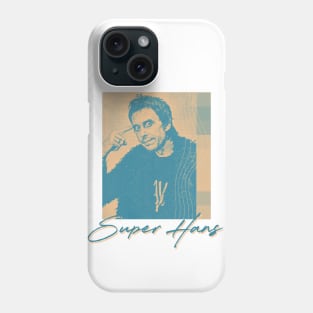 Super Hans //2 Aesthetic FanArt Design Phone Case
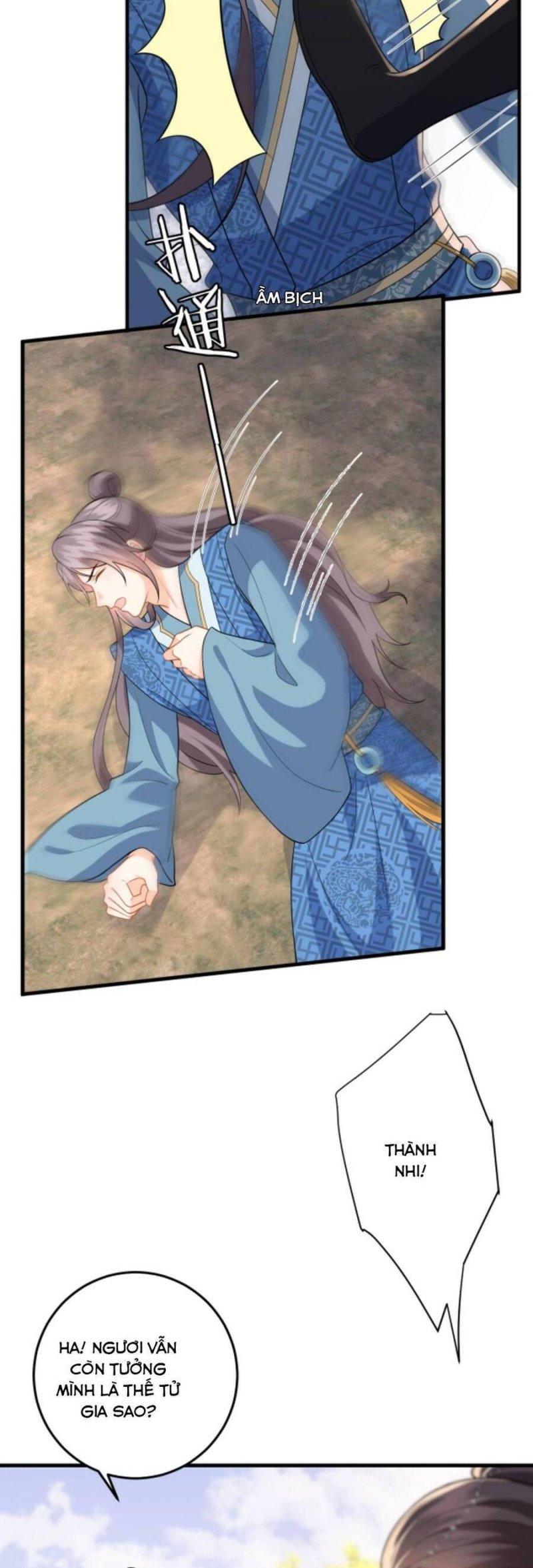 xuyên nhanh : nhân vật phản diện quá nuông chiều ta chapter 101 6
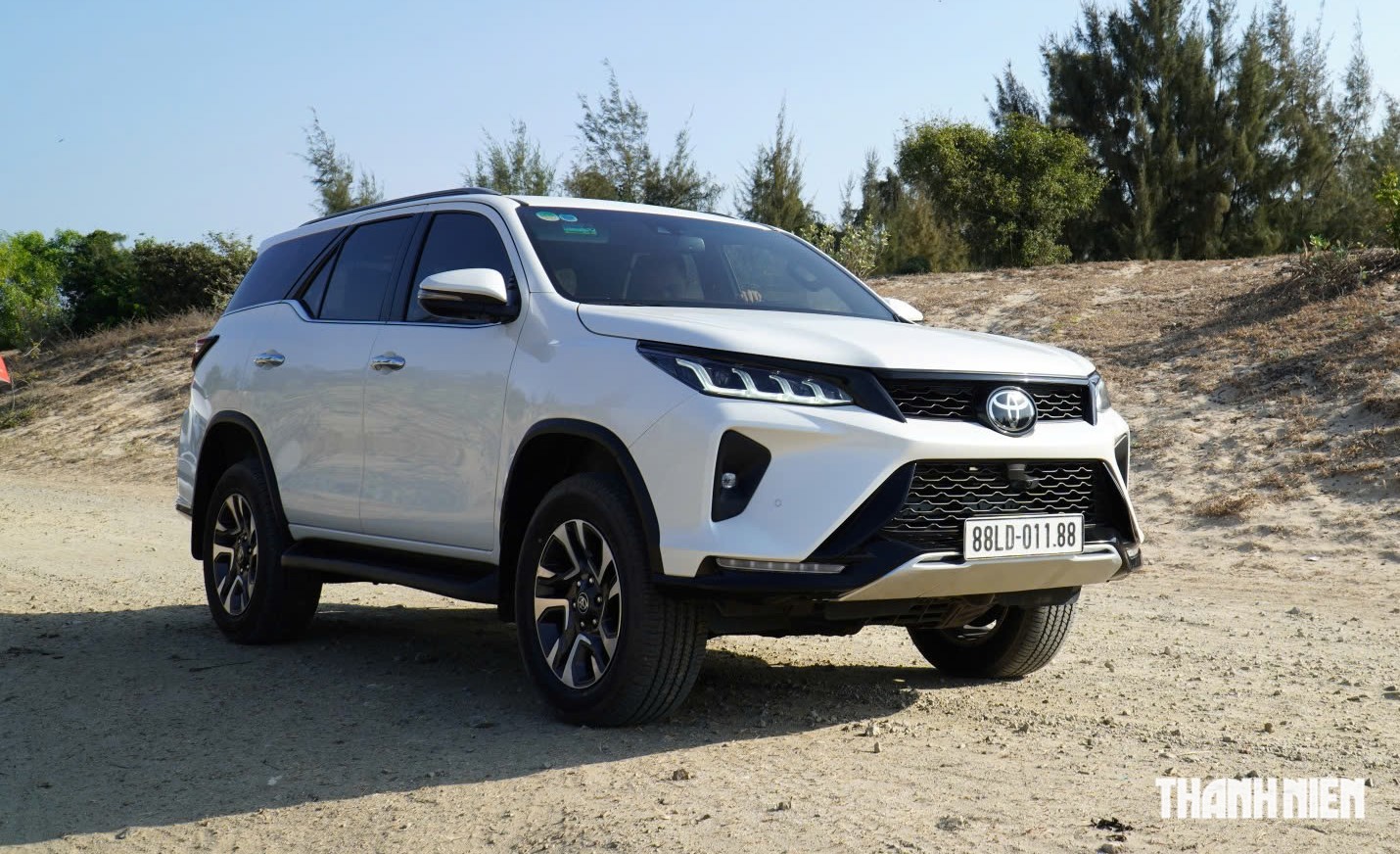 SUV 7 chỗ: Ford Everst bán gấp 5 lần các đối thủ cộng lại - Ảnh 3.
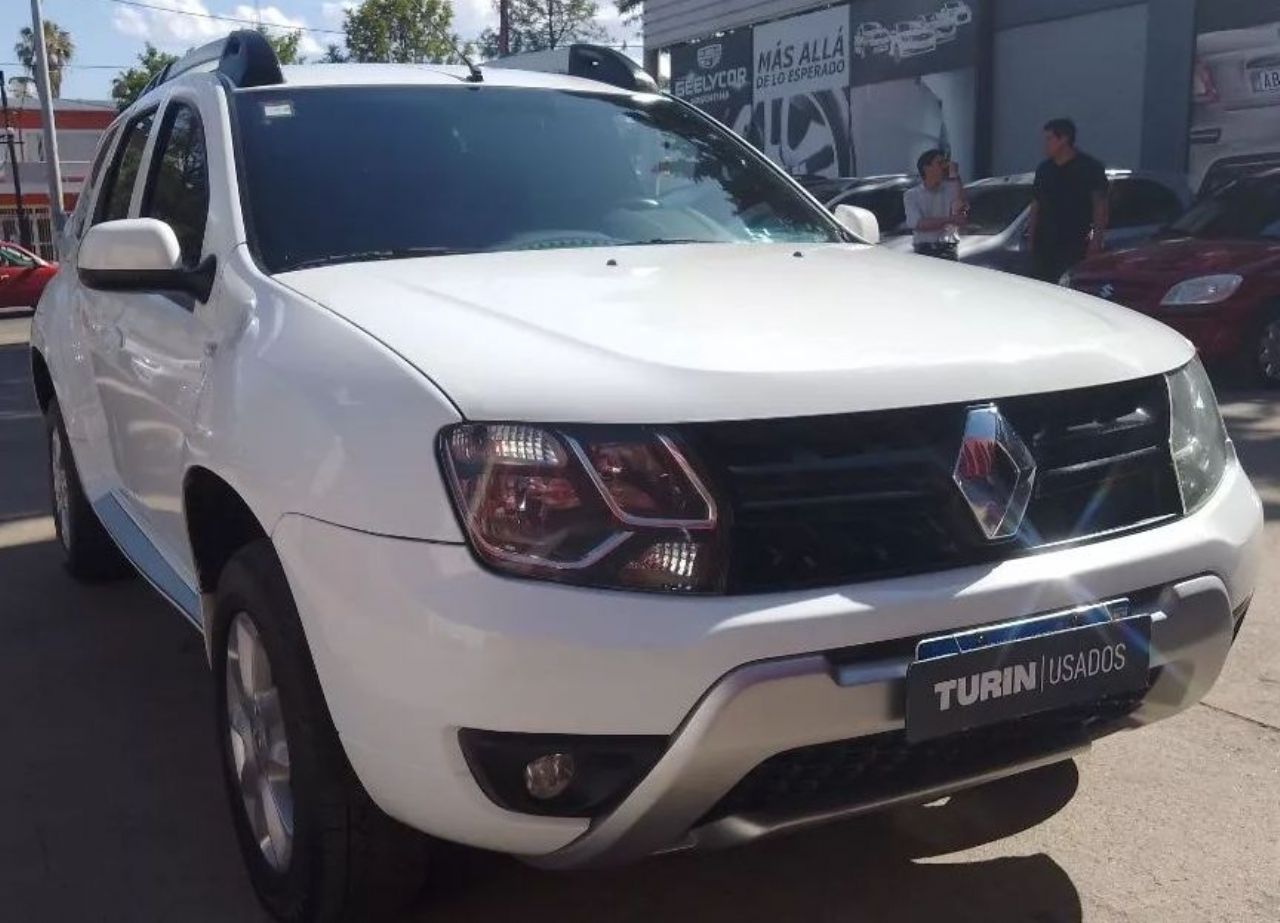 Renault Duster Usado en Córdoba, deRuedas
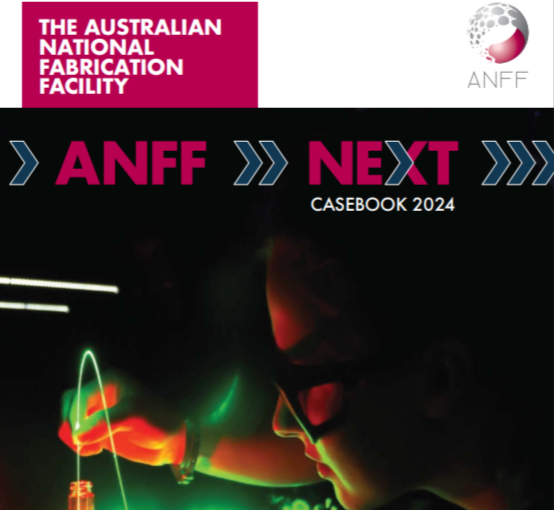The ANFF 2024 Casebook is now available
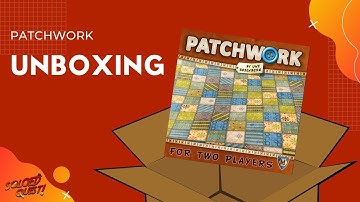 Unboxing Patchwork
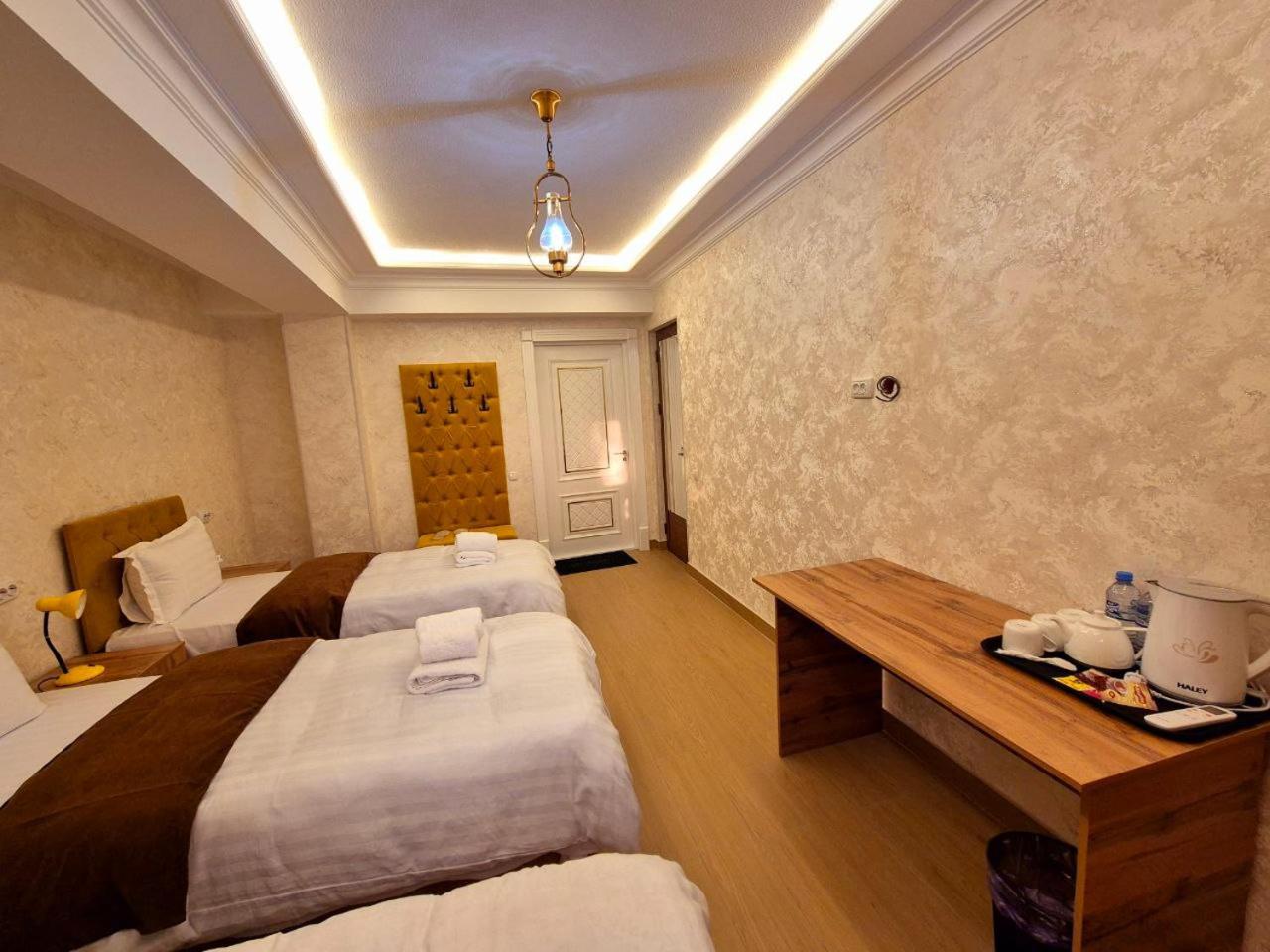 Samarkand Imron Hotel Dış mekan fotoğraf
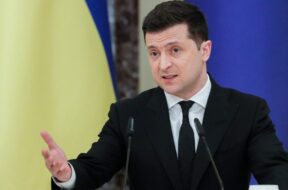 Ukraine President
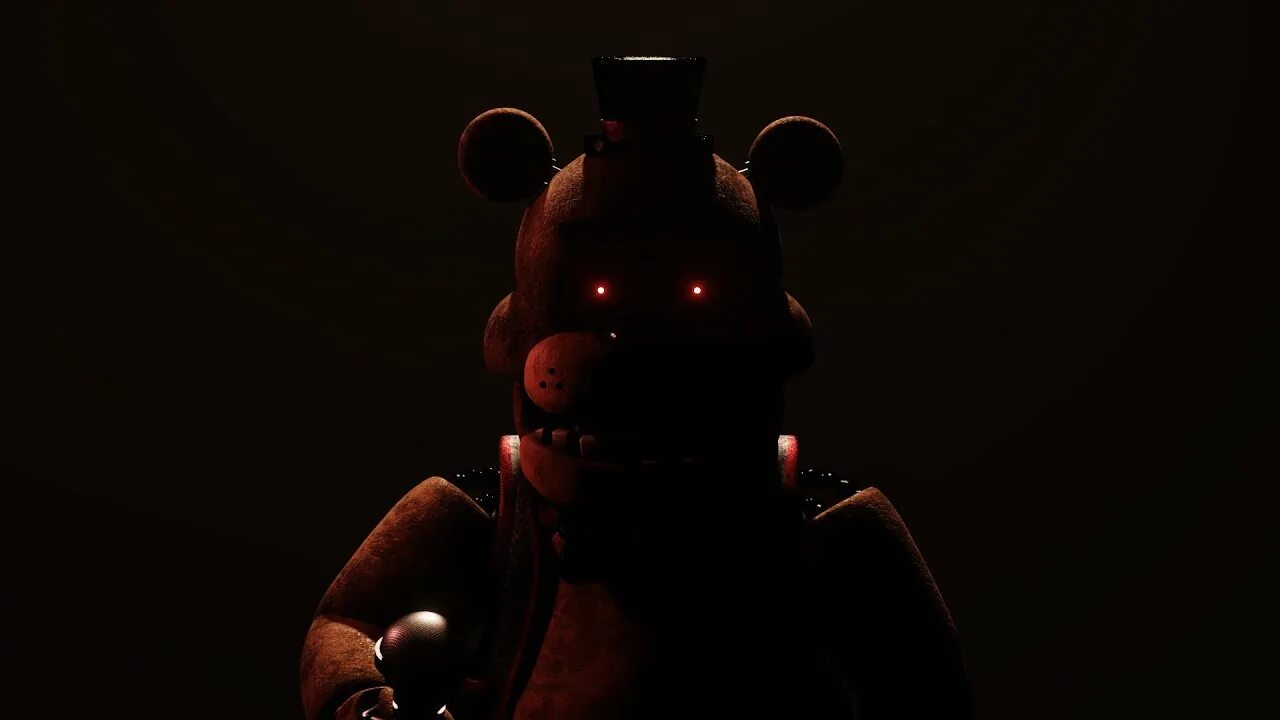 Fnaf plus models
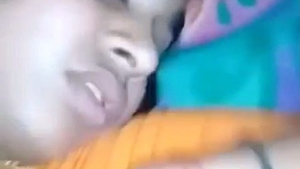 Teen moans in pain during rough sex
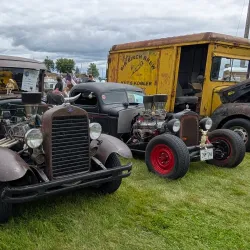 Stearns County Fairgrounds - St. Cloud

──────────────────────────────

- _Try it_
Set down each of the records precisely, leaving any pictures behind.

- _Answer section_
 Super Hans //2 Aesthetic FanArt Design Phone Case
 xuyên nhanh : nhân vật phản diện quá nuông chiều ta chapter 101 6
 SUV 7 chỗ: Ford Everst bán gấp 5 lần các đối thủ cộng lại - Ảnh 3.
 Renault Duster Usado en Córdoba, deRuedas
The ANFF 2024 Casebook is now available
 Unboxing Patchwork
 Samarkand Imron Hotel Dış mekan fotoğraf
 Ukraine President
 Fnaf plus models
 Teen moans in pain during rough sex
 Stearns County Fairgrounds - St. Cloud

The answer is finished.